En effet, contrairement à Lynch, ici, on a le droit à une explication, certes un peu surréaliste, mais tellement jouissive qu'il ne faut pas se priver de rester moins de 2 heures à suivre les pérégrinations silencieuses de Isaach.
Devant un film d'une telle exigence, d'une beauté plastique très appréciable, d'une culture cinématographique plantureuse mais amusante, accompagnée d'une superbe musique, on se retrouve dans un cocon qui a ses codes d'accès, qu'évidemment le beauf de France n'aura pas le courage ou les moyens de déguster. Et c'est tant mieux, il n'empêche que la grande salle du Cinéma des Cinéastes était aux trois quarts pleine.
On pense notamment à Wong Kar Waï, Johnnie To et surtout à leur maître, Melville.
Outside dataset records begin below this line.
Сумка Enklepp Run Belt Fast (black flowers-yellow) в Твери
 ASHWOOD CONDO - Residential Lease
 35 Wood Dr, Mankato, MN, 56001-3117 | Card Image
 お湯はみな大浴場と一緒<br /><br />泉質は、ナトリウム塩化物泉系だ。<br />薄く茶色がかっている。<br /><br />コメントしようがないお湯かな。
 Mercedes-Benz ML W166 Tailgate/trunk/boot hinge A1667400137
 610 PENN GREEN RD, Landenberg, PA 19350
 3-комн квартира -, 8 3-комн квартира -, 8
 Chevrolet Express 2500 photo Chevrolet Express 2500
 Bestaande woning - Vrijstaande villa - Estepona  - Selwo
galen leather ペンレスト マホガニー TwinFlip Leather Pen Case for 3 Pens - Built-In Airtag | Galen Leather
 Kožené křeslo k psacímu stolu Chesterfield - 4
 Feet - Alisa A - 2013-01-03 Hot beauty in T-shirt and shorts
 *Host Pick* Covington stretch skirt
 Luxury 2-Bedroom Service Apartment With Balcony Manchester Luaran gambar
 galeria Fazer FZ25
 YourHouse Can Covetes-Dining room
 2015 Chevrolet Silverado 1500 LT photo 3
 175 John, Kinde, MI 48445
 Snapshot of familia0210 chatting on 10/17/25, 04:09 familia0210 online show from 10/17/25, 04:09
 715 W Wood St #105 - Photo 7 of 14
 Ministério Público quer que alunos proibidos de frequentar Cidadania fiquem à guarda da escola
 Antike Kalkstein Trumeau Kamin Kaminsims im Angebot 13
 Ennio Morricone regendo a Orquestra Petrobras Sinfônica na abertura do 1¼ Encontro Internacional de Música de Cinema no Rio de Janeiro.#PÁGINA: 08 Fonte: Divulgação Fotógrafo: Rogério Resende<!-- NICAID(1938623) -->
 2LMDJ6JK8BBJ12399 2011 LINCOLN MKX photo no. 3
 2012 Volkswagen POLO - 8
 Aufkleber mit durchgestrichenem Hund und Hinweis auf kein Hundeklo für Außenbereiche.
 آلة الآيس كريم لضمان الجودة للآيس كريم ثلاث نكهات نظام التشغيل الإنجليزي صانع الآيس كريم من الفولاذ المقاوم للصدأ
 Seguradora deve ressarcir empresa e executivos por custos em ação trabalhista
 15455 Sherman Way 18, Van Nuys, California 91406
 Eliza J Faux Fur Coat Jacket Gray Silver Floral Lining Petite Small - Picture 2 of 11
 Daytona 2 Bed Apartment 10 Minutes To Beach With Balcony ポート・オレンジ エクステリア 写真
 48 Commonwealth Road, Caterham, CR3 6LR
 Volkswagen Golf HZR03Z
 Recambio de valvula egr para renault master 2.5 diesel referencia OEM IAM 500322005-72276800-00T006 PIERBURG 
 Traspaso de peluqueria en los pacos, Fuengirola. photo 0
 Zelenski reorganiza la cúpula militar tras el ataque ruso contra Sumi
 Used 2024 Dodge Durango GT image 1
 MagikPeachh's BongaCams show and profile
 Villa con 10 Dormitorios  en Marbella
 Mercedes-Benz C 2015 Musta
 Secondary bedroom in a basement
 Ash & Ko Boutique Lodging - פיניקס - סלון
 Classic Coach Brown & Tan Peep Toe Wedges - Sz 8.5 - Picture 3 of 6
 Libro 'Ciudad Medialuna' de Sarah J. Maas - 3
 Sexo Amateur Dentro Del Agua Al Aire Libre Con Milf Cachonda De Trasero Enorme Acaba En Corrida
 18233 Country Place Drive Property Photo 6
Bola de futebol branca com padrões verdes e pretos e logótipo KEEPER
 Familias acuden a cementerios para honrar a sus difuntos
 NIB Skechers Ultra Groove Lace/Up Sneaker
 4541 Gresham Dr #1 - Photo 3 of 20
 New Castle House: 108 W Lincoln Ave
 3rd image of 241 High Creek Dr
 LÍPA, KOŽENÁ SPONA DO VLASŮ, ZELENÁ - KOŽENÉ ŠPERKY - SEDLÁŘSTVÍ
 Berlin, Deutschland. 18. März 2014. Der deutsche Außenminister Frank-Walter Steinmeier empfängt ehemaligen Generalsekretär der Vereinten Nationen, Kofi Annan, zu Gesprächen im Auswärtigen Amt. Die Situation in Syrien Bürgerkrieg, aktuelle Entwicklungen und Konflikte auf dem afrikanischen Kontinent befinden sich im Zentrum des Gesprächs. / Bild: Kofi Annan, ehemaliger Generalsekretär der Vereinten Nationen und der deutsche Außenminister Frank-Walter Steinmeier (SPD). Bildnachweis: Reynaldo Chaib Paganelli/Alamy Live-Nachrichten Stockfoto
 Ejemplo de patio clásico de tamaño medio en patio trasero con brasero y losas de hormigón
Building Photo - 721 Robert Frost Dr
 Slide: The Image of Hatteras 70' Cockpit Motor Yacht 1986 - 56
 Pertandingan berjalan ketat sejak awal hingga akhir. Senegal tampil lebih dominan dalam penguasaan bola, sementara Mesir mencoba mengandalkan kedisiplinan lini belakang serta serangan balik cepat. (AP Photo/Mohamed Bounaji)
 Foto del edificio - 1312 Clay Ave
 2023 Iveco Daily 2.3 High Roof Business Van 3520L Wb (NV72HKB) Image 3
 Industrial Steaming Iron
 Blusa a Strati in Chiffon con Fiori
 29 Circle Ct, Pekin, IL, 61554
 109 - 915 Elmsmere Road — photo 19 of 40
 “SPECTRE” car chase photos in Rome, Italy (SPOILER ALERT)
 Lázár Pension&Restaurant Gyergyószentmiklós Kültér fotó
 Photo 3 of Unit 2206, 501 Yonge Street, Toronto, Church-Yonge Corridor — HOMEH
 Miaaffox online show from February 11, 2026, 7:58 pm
Mais à la sauce lumineuse, grâce au choix du pays, l'Espagne. Et au choix alter-mondialiste du casting, anglo-saxon, Mexicain, asiatique, Palestinien, créole, Français, et évidemment africain.
Si tout le film et sa méthode est un hymne à l'existentialisme et on le savoure pour ça. On comprend enfin au dénouement tout ce qui était évident sinon devant nos yeux. Cette fin est carrément hallucinante au niveau de la narration hollywoodienne ! Un magnifique camouflet, qui ne fonctionne pas si mal, pour le cinéma populaire et ses lourdeurs de divertissement imagé.
Et on se souvient alors de toute l'exigence et des nouvelles méthodologies des terroristes ou autres mafieux des temps modernes, pour ceux qui suivent les docus d'actualité.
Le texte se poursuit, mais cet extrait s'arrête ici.